**What you need to do**
Pictures stay out of the copy. Transcribe exactly, and only, the line with "5 Pesos 15.5.1914, Serie" through the last line of the entries below.

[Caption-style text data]

# # # # #

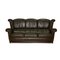 Dark Green Leather 3-Seat Sofa from Nieri, Image 1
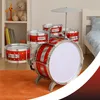 Kinder Jazz Schlagzeug Set mit 5 Trommeln Hocker Produktbild-Vorschau 6
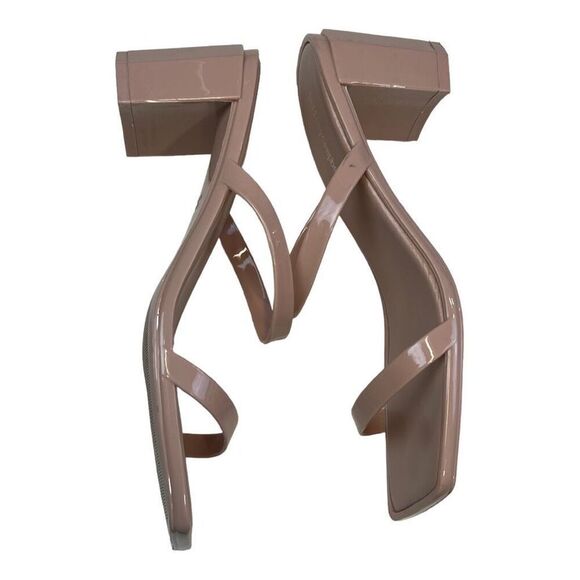 Jeffrey Campbell Women's Slip-On Jamm Jelly Heeled Slide Sandals Beige Size 10 - Picture 6 of 6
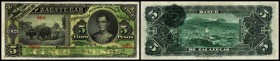 Specialized Issues
 5 Pesos 15.5.1914, Serie ohner +CCXLIII, P-S475d Banco de Zacatecas III
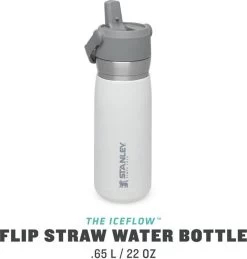 Stanley The IceFlow™ Flip Straw Water Bottle 0,65L - Thermosfles - Saffron -Woonkeuken Winkel 1145x1200 1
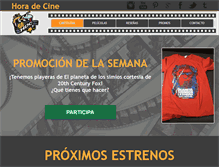 Tablet Screenshot of horadecine.com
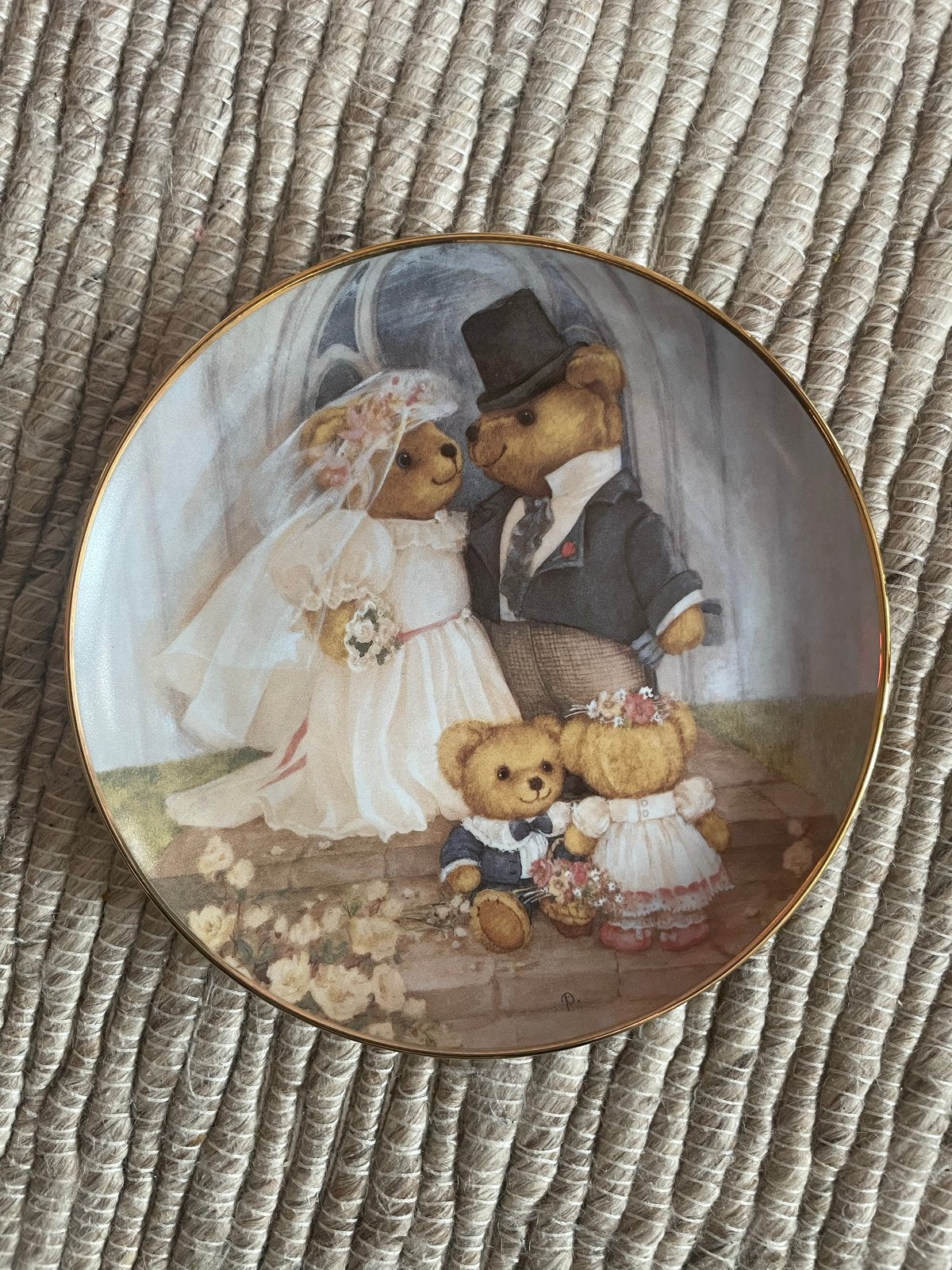 Franklin Mint 'Just Married' verzamelbord Patricia Brooks, Ophalen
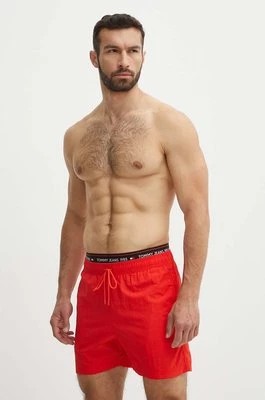 Zdjęcie produktu Tommy Jeans szorty kąpielowe kolor czerwony UM0UM03141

# # # # #

**Solution for this exercise**
 5 Pesos 15.5.1914, Serie ohner +CCXLIII, P-S475d Banco de Zacatecas III
 Stanley The IceFlow™ Flip Straw Water Bottle 0,65L - Thermosfles - Saffron -Woonkeuken Winkel 1145x1200 1
 Tablet Screenshot of horadecine.com
 Franklin Mint 'Just Married' verzamelbord Patricia Brooks, Ophalen
 Zdjęcie produktu Tommy Jeans szorty kąpielowe kolor czerwony UM0UM03141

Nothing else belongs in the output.